##### Provided records #####

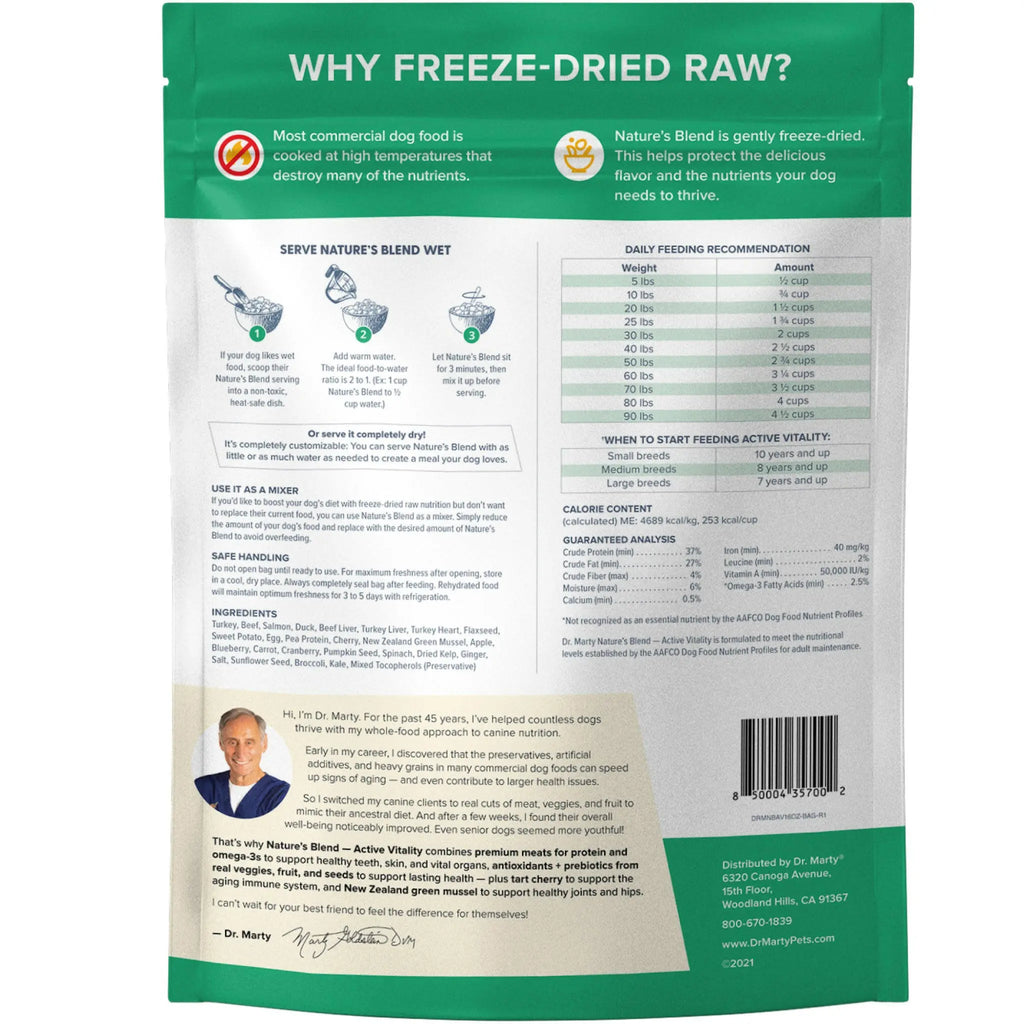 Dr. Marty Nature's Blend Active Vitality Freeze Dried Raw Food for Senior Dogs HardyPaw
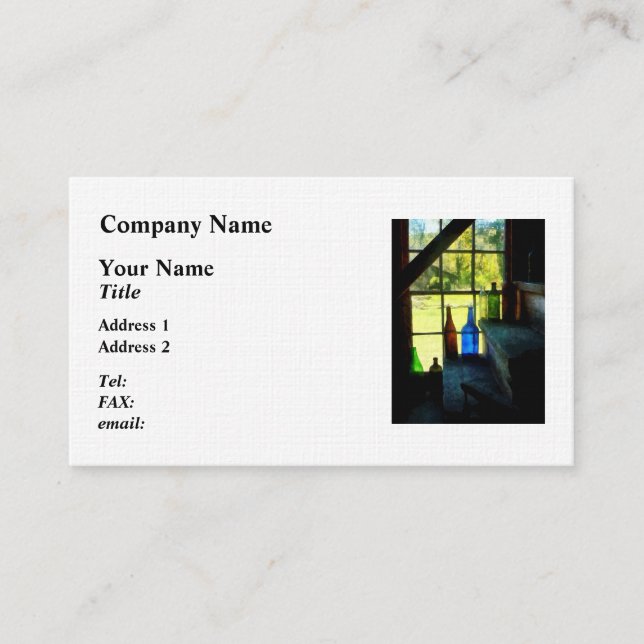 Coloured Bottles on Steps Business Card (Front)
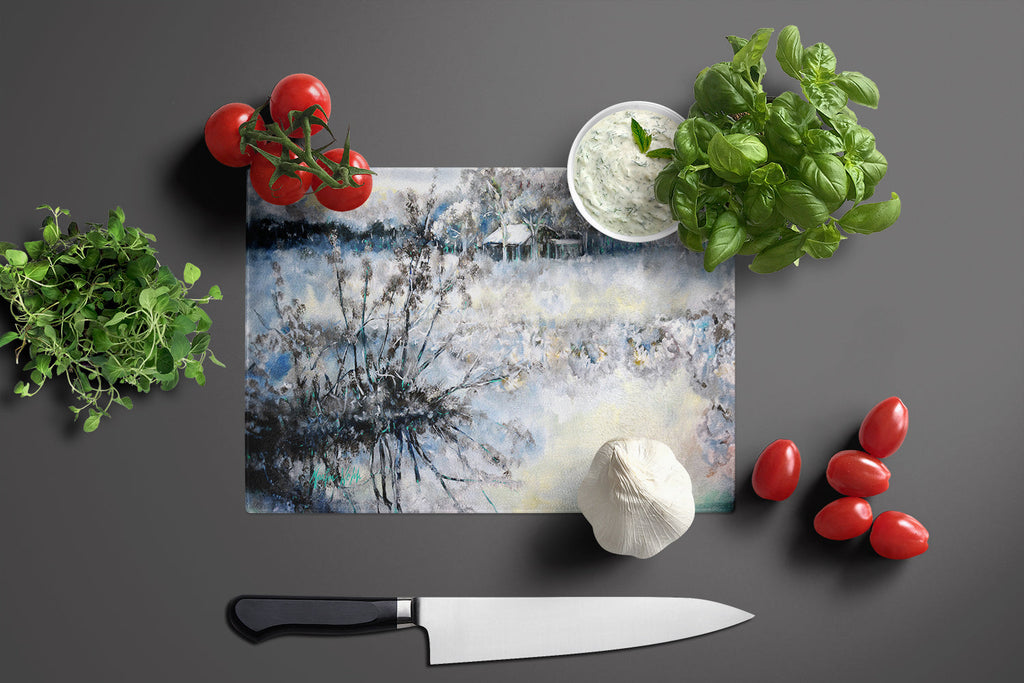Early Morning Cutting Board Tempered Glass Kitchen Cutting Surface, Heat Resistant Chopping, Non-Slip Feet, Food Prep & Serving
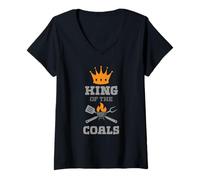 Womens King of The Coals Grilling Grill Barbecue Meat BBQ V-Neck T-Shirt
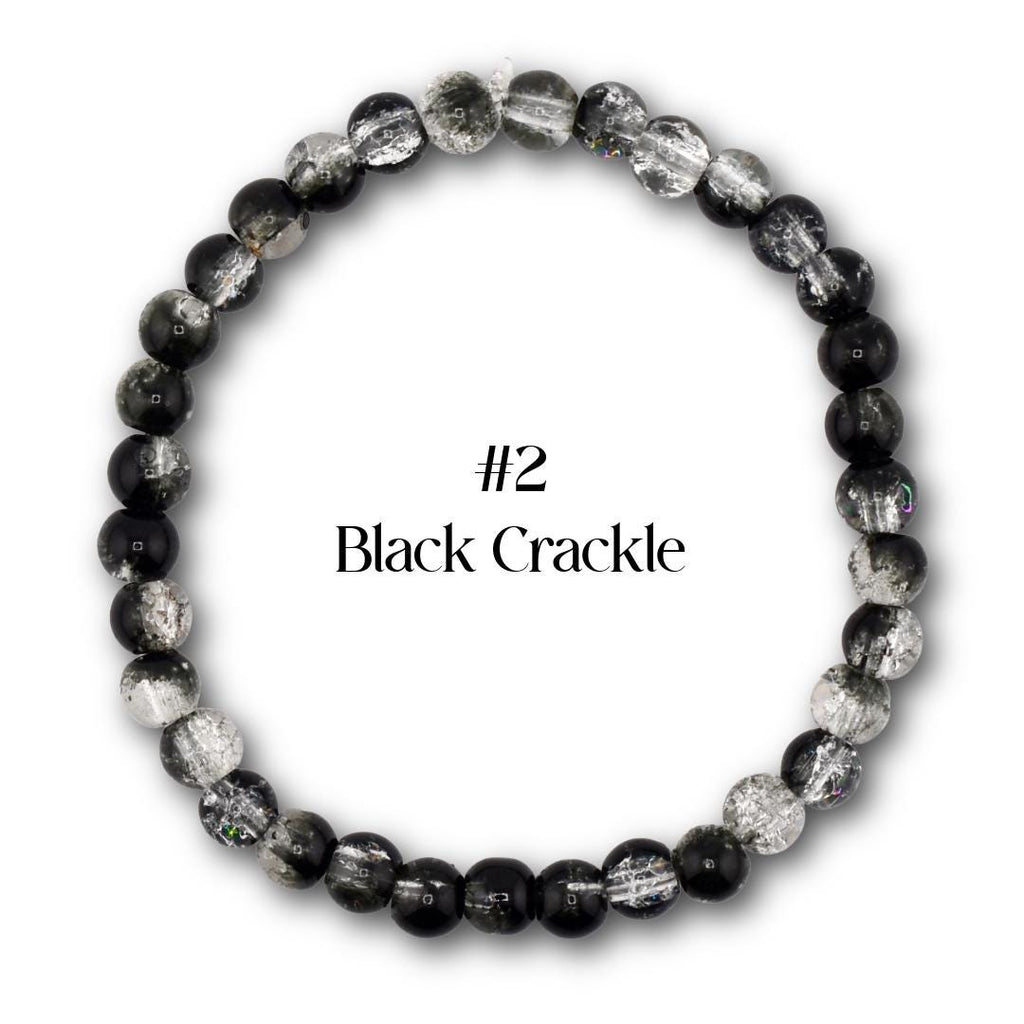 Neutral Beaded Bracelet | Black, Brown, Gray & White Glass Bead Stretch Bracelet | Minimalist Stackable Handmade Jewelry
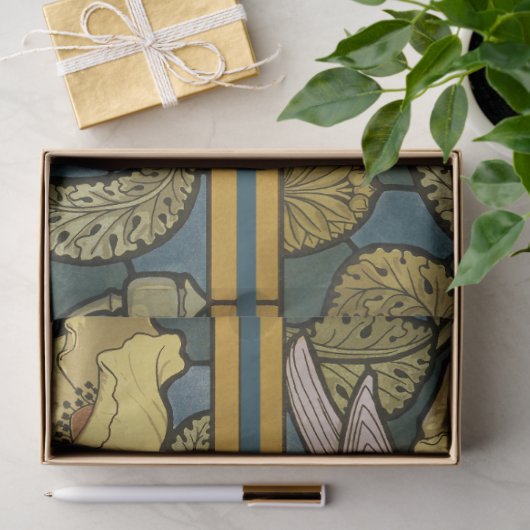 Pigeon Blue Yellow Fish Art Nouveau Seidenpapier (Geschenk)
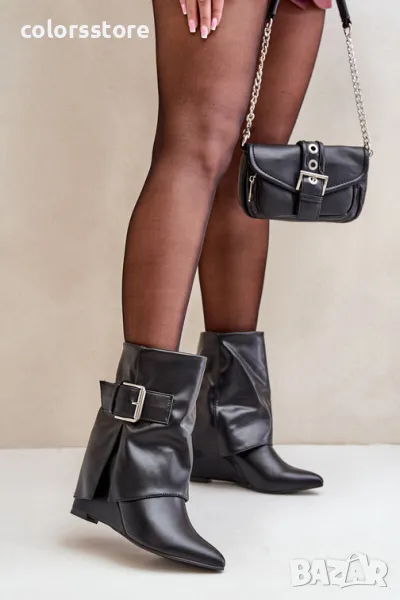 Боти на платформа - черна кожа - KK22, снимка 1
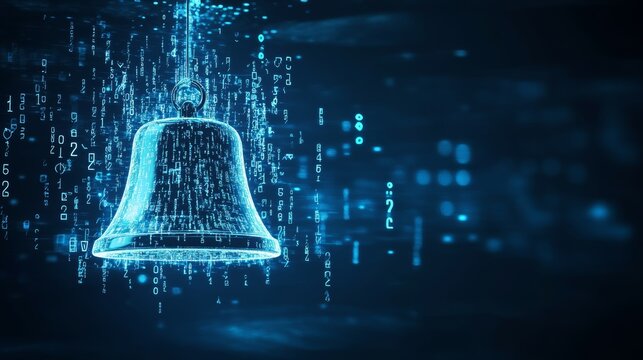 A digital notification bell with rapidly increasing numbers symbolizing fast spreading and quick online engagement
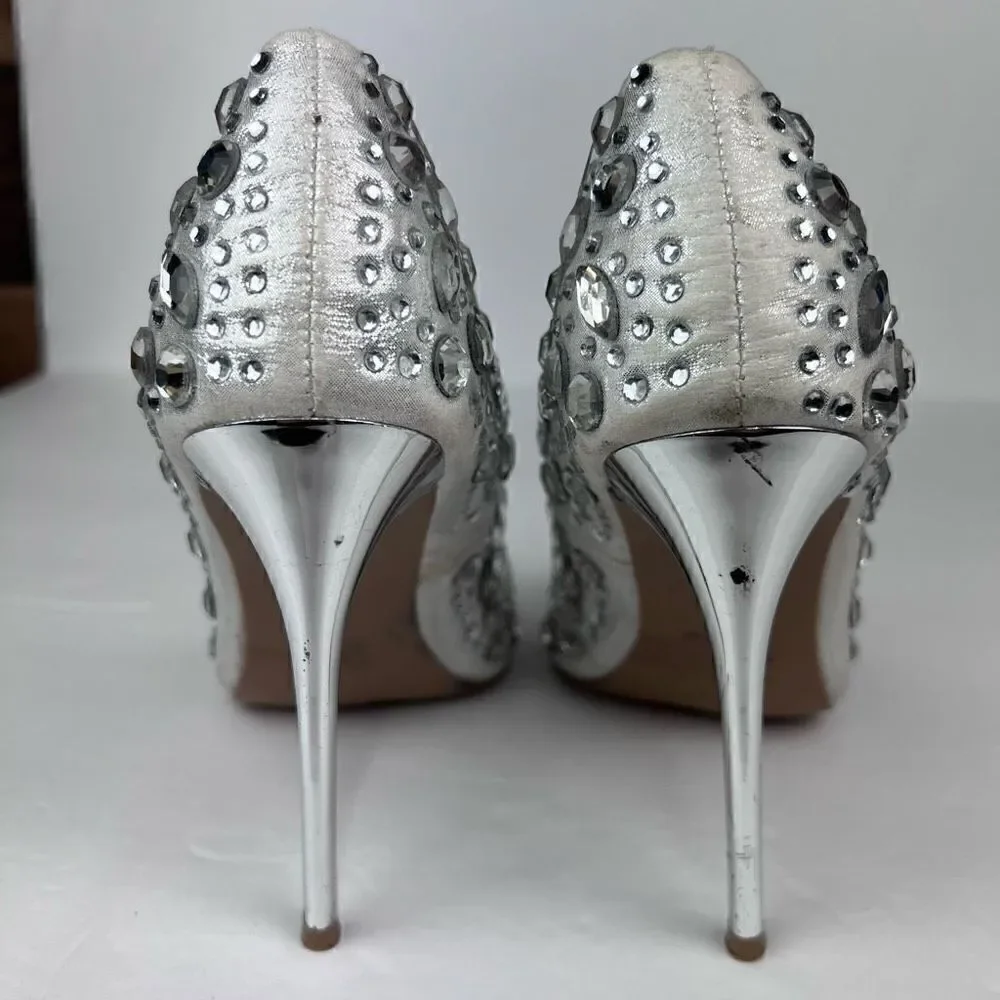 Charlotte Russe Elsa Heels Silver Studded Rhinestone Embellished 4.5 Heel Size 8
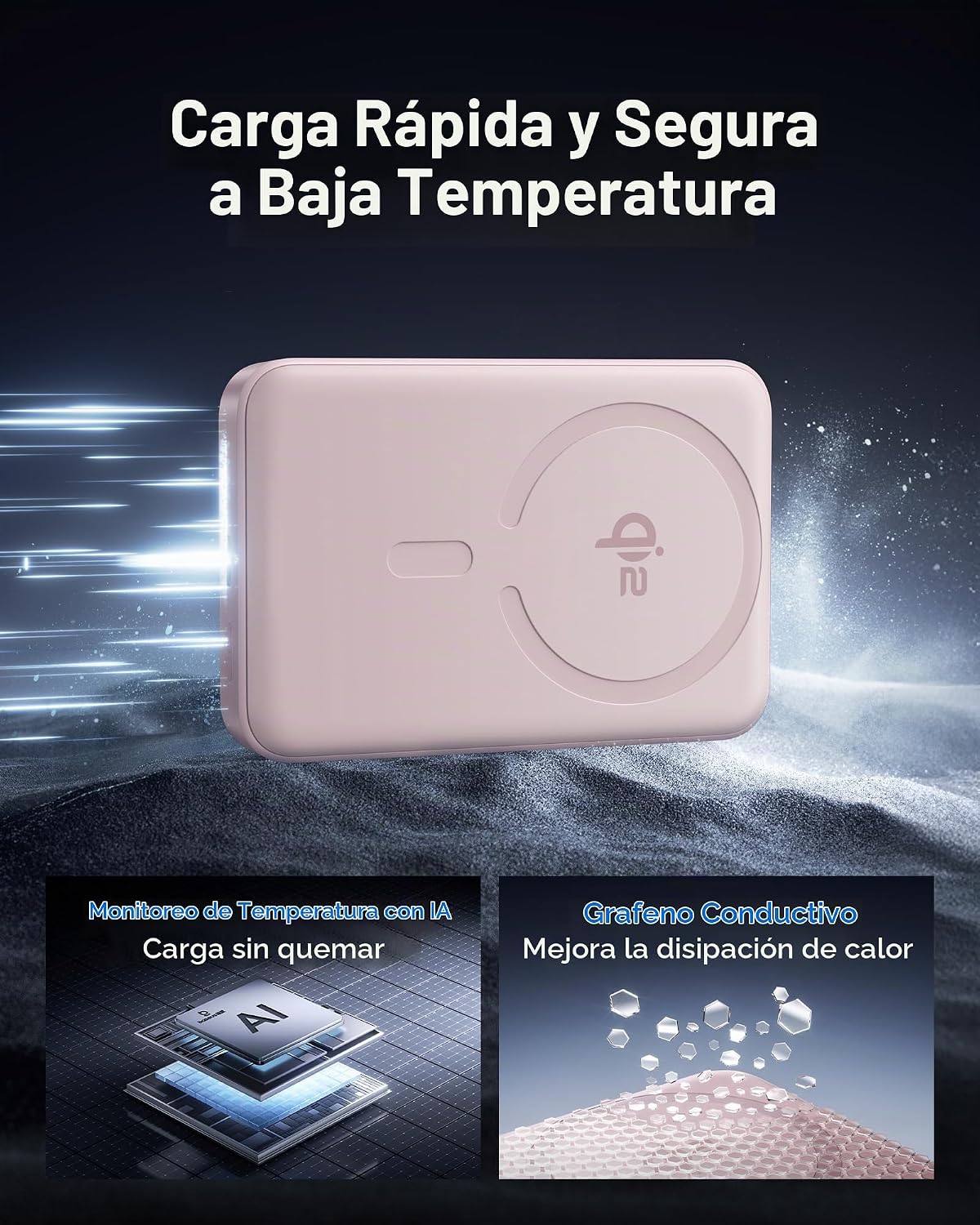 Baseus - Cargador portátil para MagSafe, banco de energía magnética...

#####

__Required action__. The lines above must be transcribed exactly, with every picture left out.

__Answer__.
 Dr. Marty Nature's Blend Active Vitality Freeze Dried Raw Food for Senior Dogs HardyPaw
 Coloured Bottles on Steps Business Card (Front)
Early Morning Cutting Board Tempered Glass Kitchen Cutting Surface, Heat Resistant Chopping, Non-Slip Feet, Food Prep & Serving
 Womens King of The Coals Grilling Grill Barbecue Meat BBQ V-Neck T-Shirt
 Neutral Beaded Bracelet | Black, Brown, Gray & White Glass Bead Stretch Bracelet | Minimalist Stackable Handmade Jewelry
 Pigeon Blue Yellow Fish Art Nouveau Seidenpapier (Geschenk)
 Боти на платформа - черна кожа - KK22, снимка 1
 A digital notification bell with rapidly increasing numbers symbolizing fast spreading and quick online engagement
 Charlotte Russe Elsa Heels Silver Studded Rhinestone Embellished 4.5 Heel Size 8
 Baseus - Cargador portátil para MagSafe, banco de energía magnética...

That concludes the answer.